確かにそうだ。昔は実際にこういう世界のこと嫌ってたし、それを構成してる人間、この世代の人々の考え方や風習そのものを忌み嫌ってた。

当ブログでも散々話題にしていたわ。

ネット無礼講 カテゴリーの記事一覧 - 恋する段差ダンサー


じゃあ今はそういうの消えたの?と考えると、そうでもないのだが、じゃあ受け入れられるようになった理由は何なのか。


いろいろ考えてみた結果「この辺がきっかけなんじゃないか」と思われるフシのある番組があった。それがこれだ。


渥美清の伝言


この動画はダイジェストだが、本当はもっと長い。その長い完全版を私はリアルタイムで偶然見て、「この当時の人々の」「オモテからは見えない」裏の姿を知ったのである。
男はつらいよ」シリーズと言えば、もう「典型的な」古風日本賛美として取り上げられるコンテンツなわけで、もちろん私だって「好きなわけがなく」「1本たりとも見たこともなく」避けていた世界観であった。そんな私でも、この番組は心に来るものがあったのである。
当時の私はというと、長年やっていたドラマー〜ホテル業を経て、音楽家としてオモテに戻ろうとしていた時代だった。創作活動はよく「つるの機織り」みたいだと例えられたりするが、これも同じく「オモテの華やかさと裏の苦労のギャップ」について、演じる本人が告白した、とても貴重な証言だったと思う。自分自身の当時の立場になぞらえて、かなり突き刺さってきたのである。
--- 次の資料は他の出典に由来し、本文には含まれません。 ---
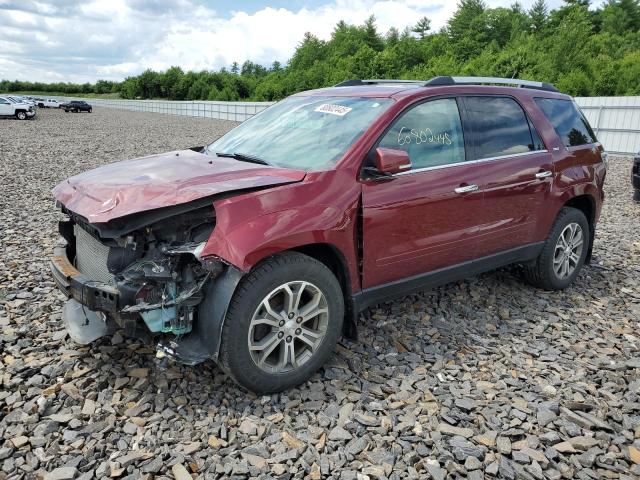 Vin: 1gkkvskd2gj263539, lot: 60802445, gmc acadia slt-2 2016 img_1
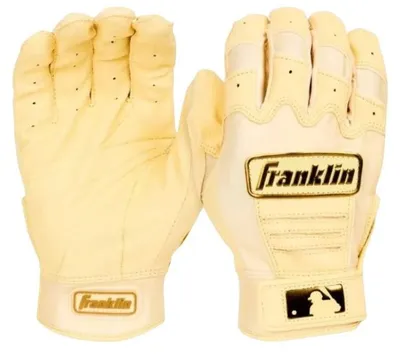 Produktbild von Franklin CFX Pro Full Color Chrome Series M Vanille/Gold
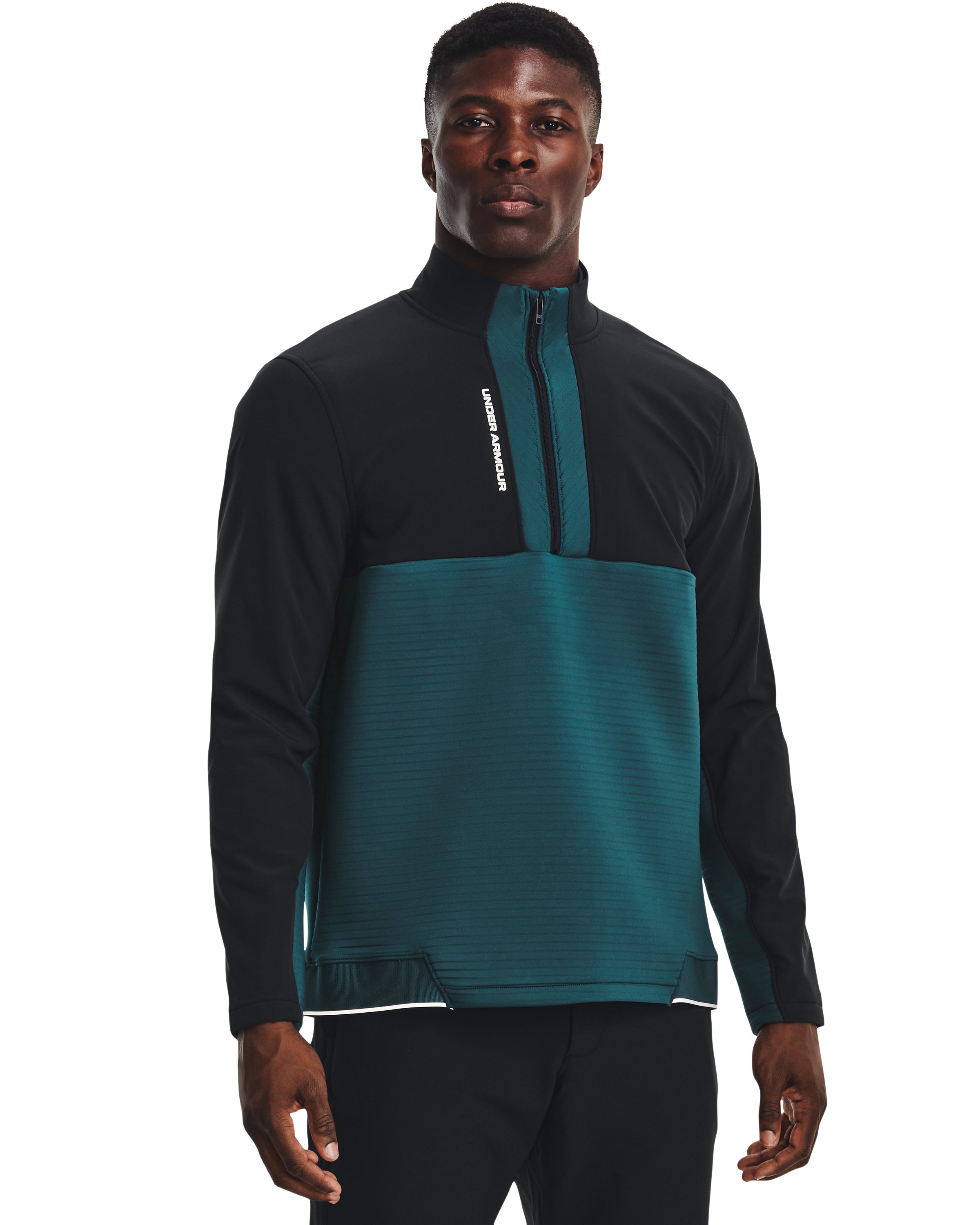 Men's UA Storm Daytona Zip 7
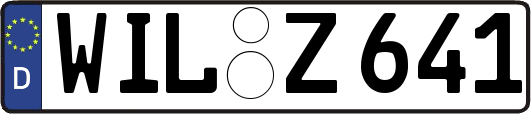WIL-Z641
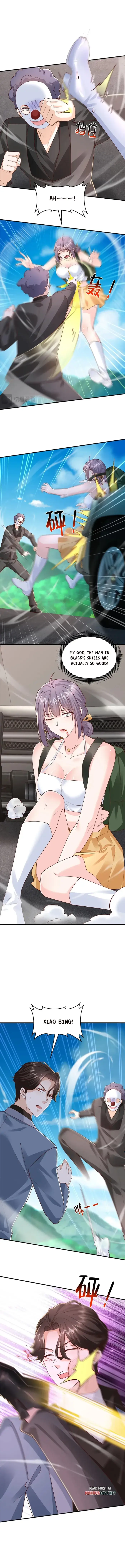 Read I Get A Random New Occupation Every Week EN Manga Online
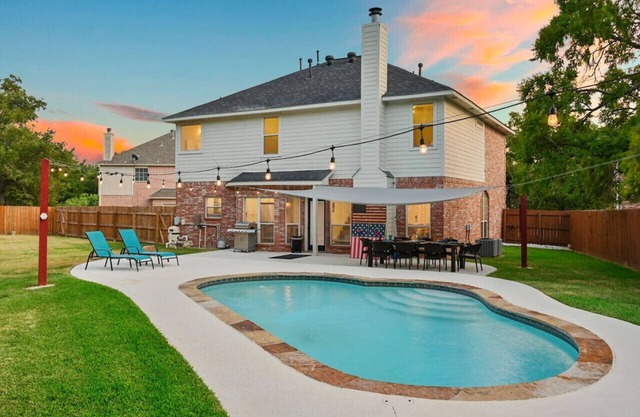 Howdy Haven ~ Aggieland Vacation Rentals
その後しばらくして、渥美氏の長男から「父からのひどいDV」告発という事件があるのだけど、それを知ってしまった今でも、この番組に対する自分の気持は変わらなかった。井上ひさしではないが、渥美氏に関しても「さもありなん」と思ってしまったのは、やはり世代のイメージが最初からあったためだろうか*1


さて本題。
私は常々「自分は早熟だったので苦労した」と語っています。極めて幼少から「オトナの」音楽を聞き、それらの良し悪しを聞き分けていた。自分の好きな音楽を語るとオトナからは「子どもなのにそんなの聴くの?」と驚かれ、当然同世代の子どもからは理解されなかった。
とても早い段階でロックやポップスを聞いて好きになったせいで、世の中の流行や作風が変化し「昔のほうがよかった…」と思ってしまう時期も、同世代より数年早く訪れた。早くも小学5年くらいから懐古厨みたいに「こんなのちっともよくない。前のほうがよかった」などと言う子どもだったのである。そうして高校時代には既に「世の中の音楽は全然よくない」という状態に陥った。
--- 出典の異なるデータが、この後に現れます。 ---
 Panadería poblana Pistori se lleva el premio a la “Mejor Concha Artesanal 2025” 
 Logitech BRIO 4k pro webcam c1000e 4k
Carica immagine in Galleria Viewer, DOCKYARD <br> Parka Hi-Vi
これが90年代〜2000年代サブカル昭和ブームで、自分好みの音楽性が世の中に復活し、引いては自分自身の再生のきっかけになったのだ、という話はココでよく書いた。そこに戻るまでは本当に長かった。

2000年代になってネットを始め、自分が子供の頃に好きだった音楽のファンと当時の話をしてみたい!と思うようになった。ところがだ。そうしてみたところ「自分と趣味があう年代が、ほぼ痛いアラ還世代ばかりになっていた」という現実を突きつけられる。そらそうだ。自分は早熟だったのだから、気が合う趣味の人々が、みんな「すごく年上」なのも当然だったのである。
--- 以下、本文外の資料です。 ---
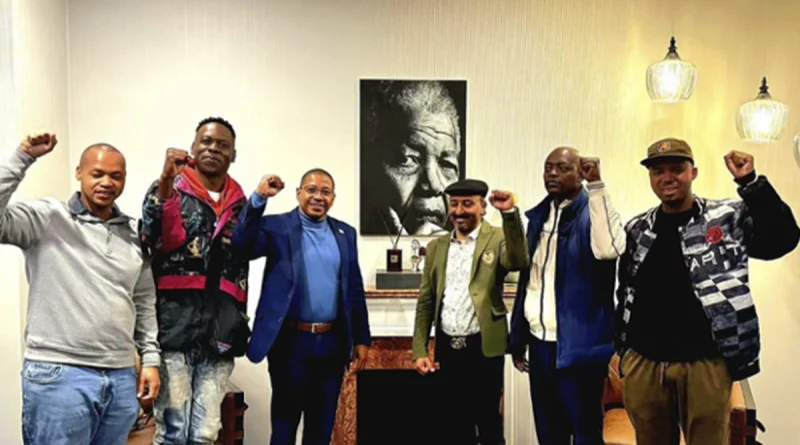 nicaragua, sudafrica, fundacion nelson mandela,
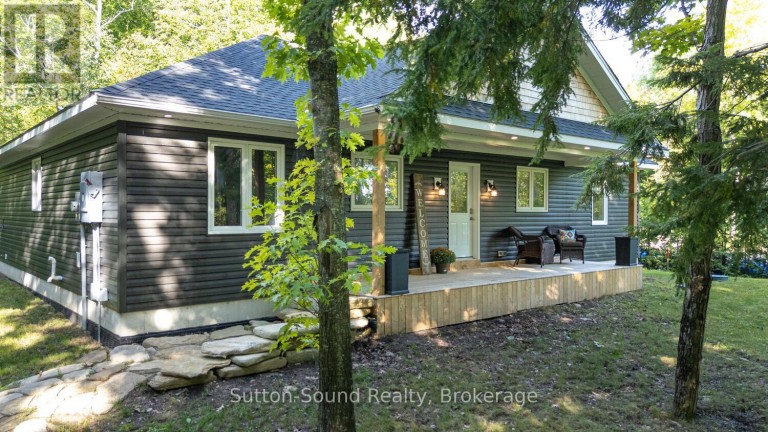 504760 GREY ROAD 1, Georgian Bluffs, Ontario, N0H1S0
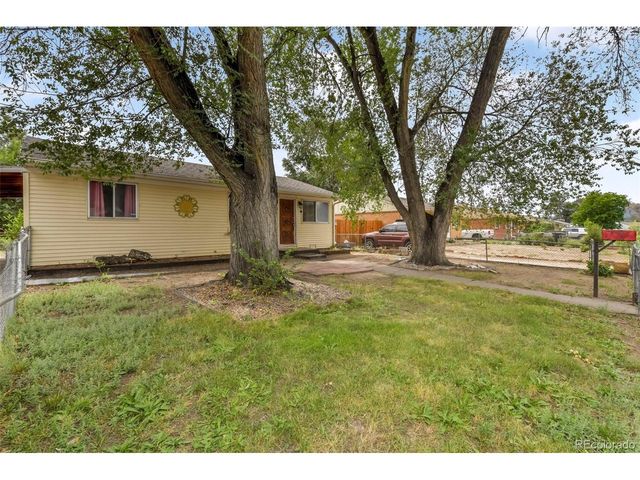 2402 Chimayo Dr, Colorado Springs, CO 80911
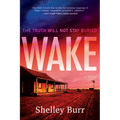 Wake - Paperback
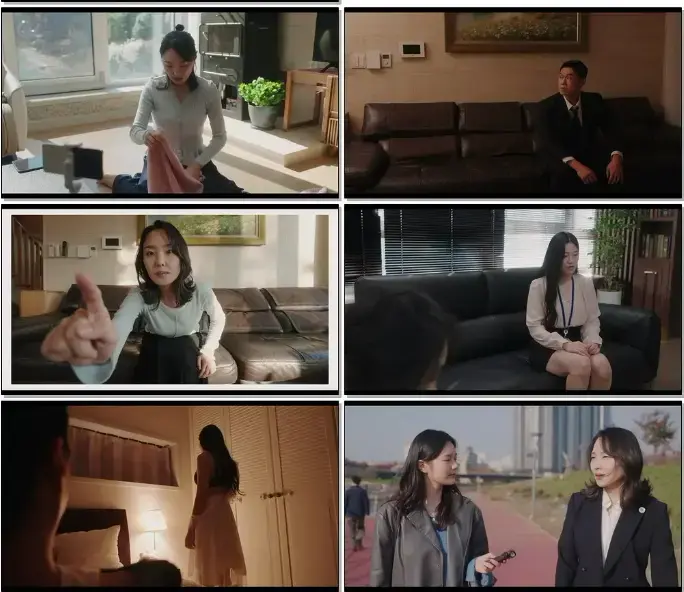 韩国电影《内乱夫人》中字未删减版在线看 - 《内乱夫人》HD高清画质免费看 - 经典剧情片不容错过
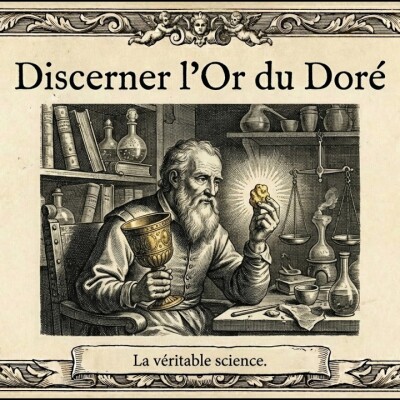 Les rituels sont-ils nécessaires ? — La Lettre au Néophyte (Partie 8) - cover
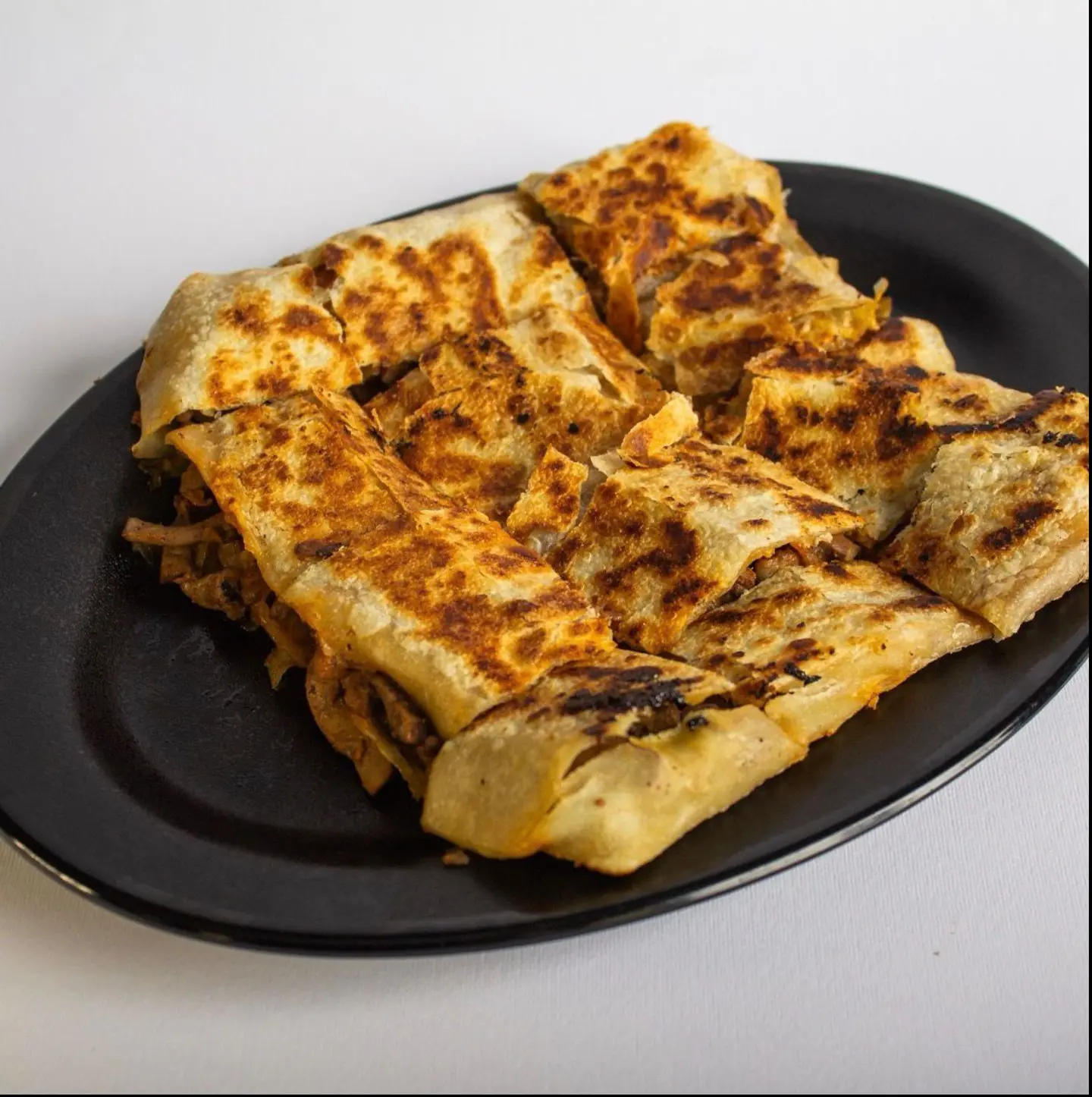 Nutella Mutabbak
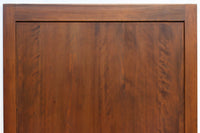 幅932ミリ 古色を含んだ貫禄のある幅広板戸 F8052 在庫1枚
私はそんな簡単な事実に気づかなかった。それが地雷だと気づかずに迂闊に近づいてしまったのだ。あとはもう前述カテゴリーで散々書いたとおり、昔「立派に見えた年上」のお兄様がた、今は「劣化オトナ」に成り下がっていた人々に散々な酷い目に遭うという。もうホントに何度も書くけど「こんな人達だったの…」という落胆はかなりなもので、今でもトラウマだ*2

結局やつらと「心通じ合う」的な気持ちは終始持てなかったのであるが、当時「すごくオトナで頼もしい」世代の「現在における社会での体たらくな現実」を知ったことで、自分の中に「ああ私はもう彼らとは違うんだ。」という感情が生まれた。同じ時代に生き、同じ空気を吸ってたはずなのに、今の彼らと自分は、感覚がこんなにも違う。

…そう気づいたとき、自分の中に「一息つけた感」みたいな気持ちが生まれた。
ずっと孤独だったが、その孤独と引き換えに、私は今、こういう特殊能力を授かり仕事にできている。これで正しかったんだ、私はやっと彼らに追いつき勝てたのかもしれない…と思った。

自分が「上から目線(俯瞰的な)」でモノを見れるようになり、初めて「昭和レトロ」を「微笑ましく」鑑賞できるようになった、ということなんである。

これが例えば、今も自分が「ホモ・ソーシャルやアラ還ミソジニーに振り回されている」というような辛い立場だったとしたら、野良猫ロックも寅さんも、穏やかに見ることなんか出来なかったはずだ。今の自分が「そういうものと無縁になれたからこそ」そういう作品を楽しめるようになった、ということなんである。

気持ちの余裕。

それこそが自分を成長させた最も大きなものだったのだな。と。